Contributed by Carlos Arévalo, September 12, 2017
In a case pending in the U.S. District Court for the Southern District of Florida, Equal Employment Opportunity Commission v. GMRI Inc., the EEOC recently argued that a restaurant chain acted in bad faith, and should be sanctioned for “spoliation” of evidence because, the EEOC claimed, it intentionally destroyed hiring data. It argued the destruction of evidence “prejudice[d] EEOC by opening the door for GMRI to attack EEOC’s statistical and anecdotal evidence, and to rely upon otherwise impermissible [defendant] favorable proxy data.”
Among the allegedly destroyed evidence are emails the EEOC claimed would have established the fact that the managers for the defendant were instructed to hire “young.” In addition, the defendants are said to have intentionally shredded paper applications and interview booklets used for new restaurant openings that would have supported the EEOC’s allegations that the company had a pattern or practice of failing to hire applications over the age of 40. In response, GMRI argued that the EEOC is looking at sanctions because it has failed to find any evidence of age discrimination.
In a different case that has been pending in Colorado since 2010, the EEOC secured sanctions against an employer for its failure to produce records it claimed had been destroyed. In Equal Employment Opportunity Commission v. JBS USA LLC, the EEOC claimed that a meat-processing company failed to reasonably accommodate Muslim workers’ requests for prayer breaks. JBS asserted an undue burden affirmative defense throughout the case, arguing production line slowdowns and downtime would have been caused by allowing prayer breaks to Muslim employees. The EEOC sought discovery from JBS about its undue burden affirmative defense, specifically, all reports or data showing all dates and times the fabrication lines on any and all shifts were stopped, as well as the speed of the lines.
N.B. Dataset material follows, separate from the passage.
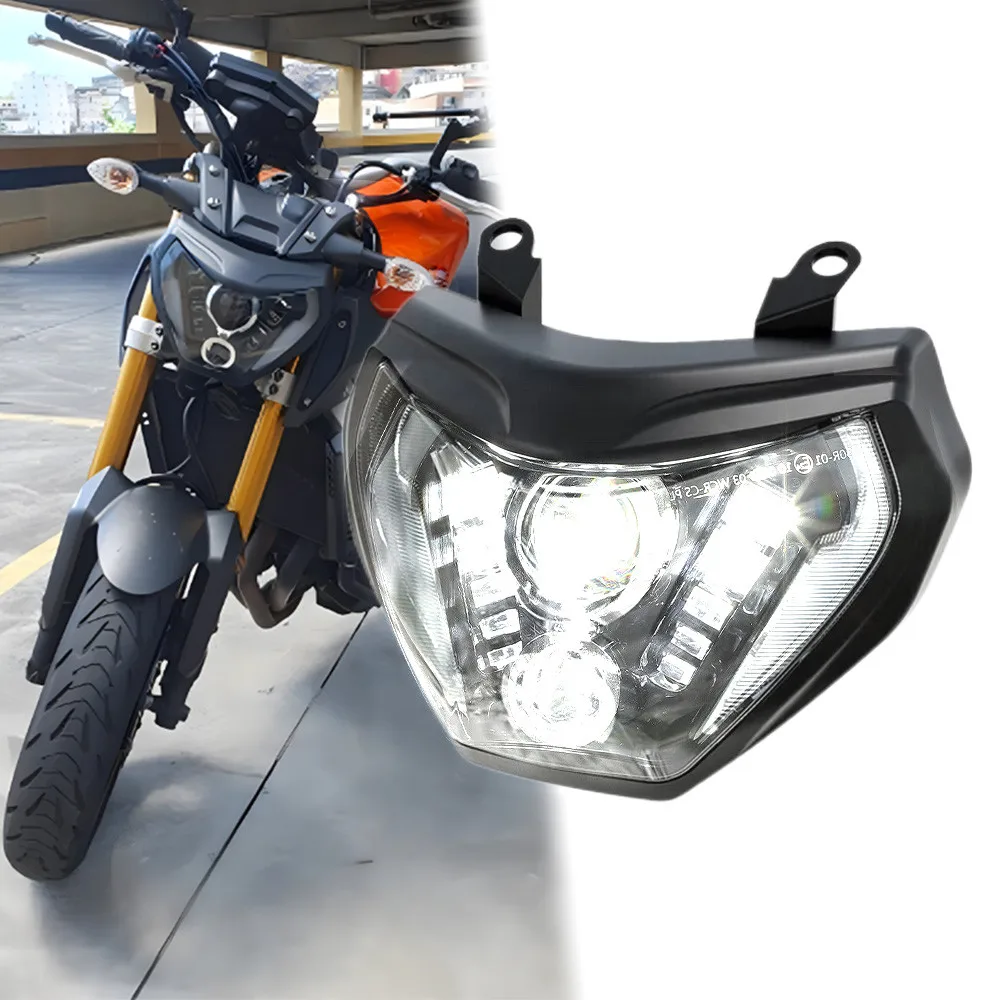 E-24 LED Headlight High Low Beam Plug and Play dla Yamaha MT09 FZ09 2014-2016 Zespół reflektorów motocyklowych E-mark z DRL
After years of maintaining these records were destroyed, JBS produced a number of reports it found in a warehouse; however, more records presumably stored in boxes at the warehouse could not be located. The Court sanctioned JBS for the loss or destruction of documents directly relevant to JBS’s allegations of undue hardship. The critical problem for JBS, as the Court noted, was the fact that JBS management knew “within a year” after downtime records were created that they were relevant to the EEOC investigation, yet still failed to set them aside for use in the litigation.
What is the lesson to be learned?
EEOC v. GMRI Inc., teaches that the EEOC may claim spoliation and pursue sanctions against a defendant, even (or perhaps particularly) where the evidence does not readily support the EEOC’s allegations of discrimination. EEOC v. JBS USA, LLC provides an important lesson for businesses regarding the preservation of documents in ongoing litigation. As noted above, the critical problem for JBS was that JBS management knew downtime records were relevant yet still failed to preserve them.
Both cases illustrate the importance of immediately implementing Litigation Holds. Employers must, as a matter of course, establish appropriate procedures and work with staff, IT professionals, and legal counsel to ensure all relevant evidence is preserved. Failure to preserve evidence may deprive defendant of an otherwise viable defense.